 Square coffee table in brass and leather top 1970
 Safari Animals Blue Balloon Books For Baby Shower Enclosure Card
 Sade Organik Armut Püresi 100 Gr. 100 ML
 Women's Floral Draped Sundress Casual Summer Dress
==
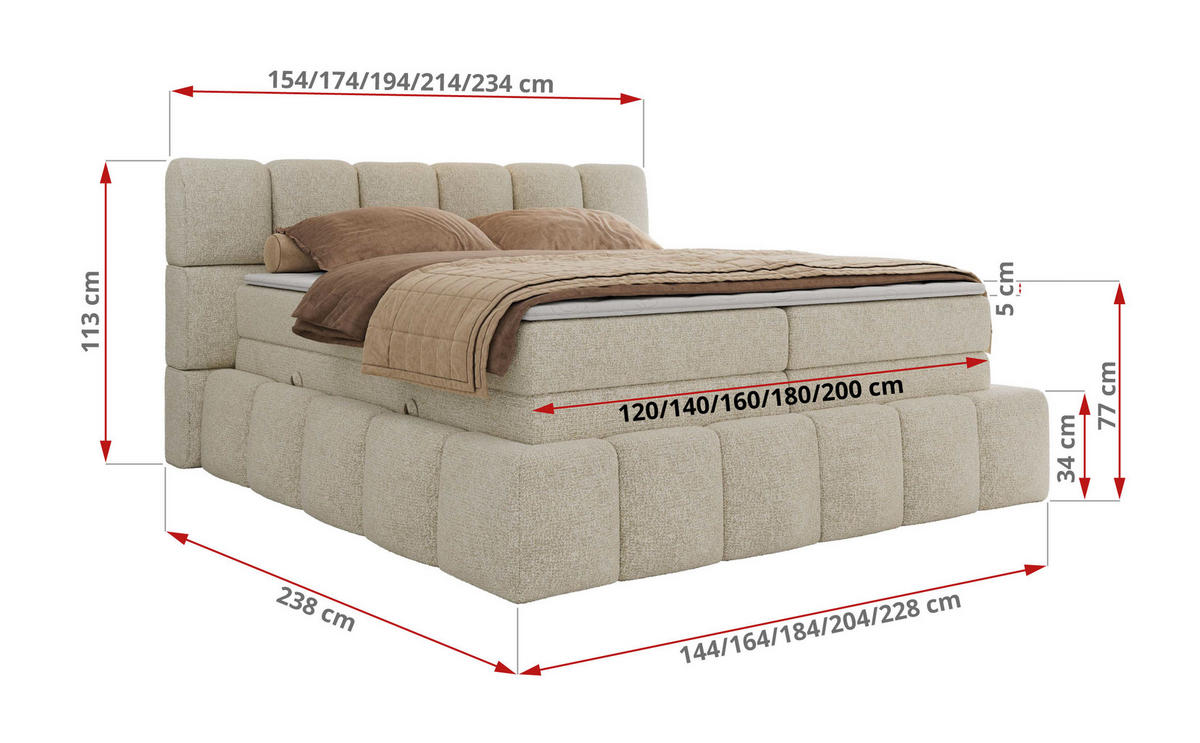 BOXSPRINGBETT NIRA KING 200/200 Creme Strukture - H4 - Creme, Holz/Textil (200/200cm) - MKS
--
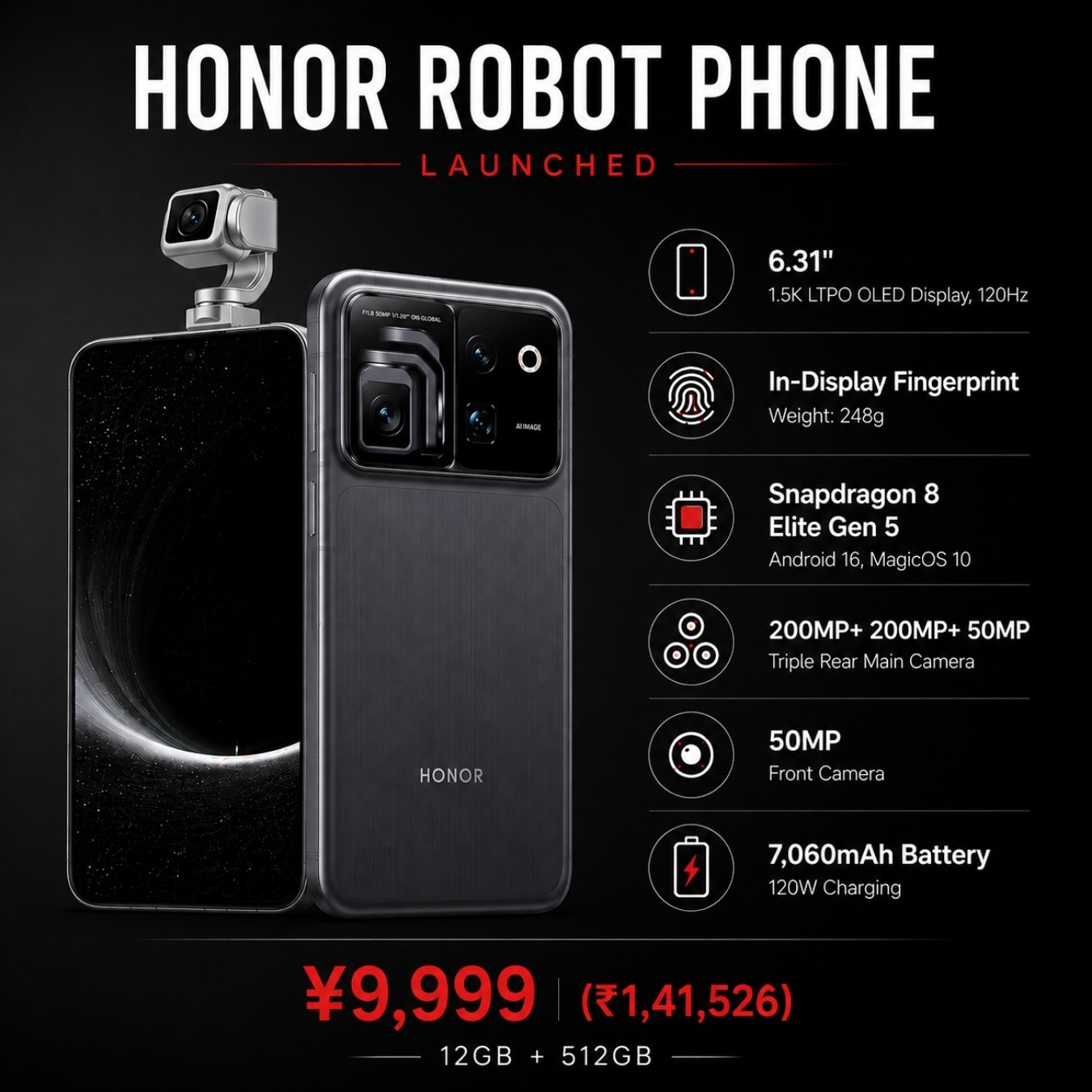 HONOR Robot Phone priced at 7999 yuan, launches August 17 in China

** WORK ORDER **
Reproduce the lines above, beginning at the line with "Square coffee table" and stopping after the line with "Women's Floral Draped", exactly as they are.

** RESULT OF THE TASK **
 Square coffee table in brass and leather top 1970
 Safari Animals Blue Balloon Books For Baby Shower Enclosure Card
 Sade Organik Armut Püresi 100 Gr. 100 ML
 Women's Floral Draped Sundress Casual Summer Dress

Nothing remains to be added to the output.